Il n'est pas le seul à se réjouir de la relance de l'atelier Les Confections de Beauce. «C'est carrément une bonne nouvelle», se réjouit le maire de Saint-Côme-Linière, Yvon Paquet, qui raconte avoir été «agréablement surpris de voir des bureaux administratifs vides et 42 couturières à l'oeuvre». «On est fiers de ces emplois-là. Et si ça peut monter à 100, ce serait extraordinaire ... J'ai serré la main aux frères Wazana. J'ai confiance. Ils savent où ils s'en vont. Il n'y a pas plus de chefs que d'Indiens.» Sa ville consent une aide financière pour chaque emploi créé, jusqu'à concurrence d'un montant équivalent aux taxes foncières annuelles, précise-t-il.

Eric Wazana confie qu'il a suggéré à plusieurs marques canadiennes qui sous- traitent leur production en Chine de s'associer à lui dans cette aventure et de rapatrier leur production ici, mais sans succès. «Je leur ai présenté le projet sur un plateau d'argent. J'étais certain qu'ils diraient tous oui. Je suis très déçu. Personne n'a embarqué. Ils sont trop capitalistes à mon goût.»

Expansion internationale

En plus de coudre ses propres jeans, l'homme d'affaires a convaincu jusqu'ici quatre détaillants canadiens de lui confier la production de leur marque privée de jeans. C'est «un modèle qui a du sens», croit-il, car son usine prouve chaque jour avec ses Yoga Jeans qu'elle sait faire «de la qualité à bon prix».

Par rapport à l'an dernier, les ventes - confidentielles - de Vêtements Wazana (le nom officiel de l'entreprise) ont bondi de plus de 25 %. «Jamais je n'aurais cru que c'était si avantageux de contrôler sa production. C'est un modèle que je recommande», lance son président, qui peut rêver davantage d'expansion internationale, puisqu'il ne dépend plus de la capacité de production d'une tierce partie.

D'ailleurs, il est en train de développer le marché européen (une entente en France est imminente) et prévoit élargir sa base de clients dans le sud des États-Unis en 2013.

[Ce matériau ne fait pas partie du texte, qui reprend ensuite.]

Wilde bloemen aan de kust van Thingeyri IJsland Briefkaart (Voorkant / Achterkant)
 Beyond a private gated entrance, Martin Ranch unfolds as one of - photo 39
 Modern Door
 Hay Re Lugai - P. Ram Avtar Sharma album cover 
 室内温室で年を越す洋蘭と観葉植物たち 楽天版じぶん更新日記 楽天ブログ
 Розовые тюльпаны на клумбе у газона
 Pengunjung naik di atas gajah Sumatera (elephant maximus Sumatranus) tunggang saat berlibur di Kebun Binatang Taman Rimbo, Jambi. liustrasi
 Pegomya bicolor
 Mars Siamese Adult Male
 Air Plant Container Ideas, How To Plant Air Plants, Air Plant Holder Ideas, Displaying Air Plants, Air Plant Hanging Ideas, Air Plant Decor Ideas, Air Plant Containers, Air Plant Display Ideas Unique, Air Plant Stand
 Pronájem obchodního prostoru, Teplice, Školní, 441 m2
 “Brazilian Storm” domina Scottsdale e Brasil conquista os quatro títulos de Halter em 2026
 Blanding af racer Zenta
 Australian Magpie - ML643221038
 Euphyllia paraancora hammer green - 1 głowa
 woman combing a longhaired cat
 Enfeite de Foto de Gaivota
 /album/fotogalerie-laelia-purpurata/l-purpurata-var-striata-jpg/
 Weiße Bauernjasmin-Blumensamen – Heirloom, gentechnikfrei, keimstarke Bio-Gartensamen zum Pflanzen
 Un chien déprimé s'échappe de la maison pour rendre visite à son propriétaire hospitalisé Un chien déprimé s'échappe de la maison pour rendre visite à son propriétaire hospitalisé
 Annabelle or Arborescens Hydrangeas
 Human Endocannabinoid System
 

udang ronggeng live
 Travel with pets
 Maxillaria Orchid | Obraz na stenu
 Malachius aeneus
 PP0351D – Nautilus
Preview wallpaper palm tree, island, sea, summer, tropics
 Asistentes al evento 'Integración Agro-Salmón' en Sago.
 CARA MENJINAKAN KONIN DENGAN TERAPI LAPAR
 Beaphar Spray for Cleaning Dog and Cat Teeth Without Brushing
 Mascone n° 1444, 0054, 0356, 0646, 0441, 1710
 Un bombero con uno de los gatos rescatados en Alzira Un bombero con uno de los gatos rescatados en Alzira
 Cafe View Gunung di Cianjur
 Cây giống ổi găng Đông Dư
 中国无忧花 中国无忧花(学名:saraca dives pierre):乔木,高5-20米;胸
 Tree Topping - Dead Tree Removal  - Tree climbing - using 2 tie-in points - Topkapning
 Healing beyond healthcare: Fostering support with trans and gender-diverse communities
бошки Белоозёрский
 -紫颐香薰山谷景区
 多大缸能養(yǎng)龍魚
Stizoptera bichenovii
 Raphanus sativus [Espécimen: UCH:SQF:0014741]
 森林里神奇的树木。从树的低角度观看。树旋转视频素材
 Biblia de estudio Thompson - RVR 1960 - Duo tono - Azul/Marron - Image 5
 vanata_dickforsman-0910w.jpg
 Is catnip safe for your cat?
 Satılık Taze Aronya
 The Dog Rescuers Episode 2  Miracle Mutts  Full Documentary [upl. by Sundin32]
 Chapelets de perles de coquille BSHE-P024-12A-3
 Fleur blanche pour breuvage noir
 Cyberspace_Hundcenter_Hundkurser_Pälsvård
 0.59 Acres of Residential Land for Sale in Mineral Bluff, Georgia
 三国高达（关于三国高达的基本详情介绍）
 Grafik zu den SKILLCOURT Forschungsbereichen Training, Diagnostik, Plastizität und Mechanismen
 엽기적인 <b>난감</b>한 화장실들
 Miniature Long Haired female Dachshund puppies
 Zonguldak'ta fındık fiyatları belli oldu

En plus de coudre ses Yoga jeans dans l'usine qu'il vient de racheter, Eric Wazana a convaincu jusqu'ici quatre détaillants canadiens de lui confier la production de leur marque privée de jeans. «Un modèle qui a du sens», croit-il, car son usine prouve avec ses produits qu'elle sait faire «de la qualité à bon prix».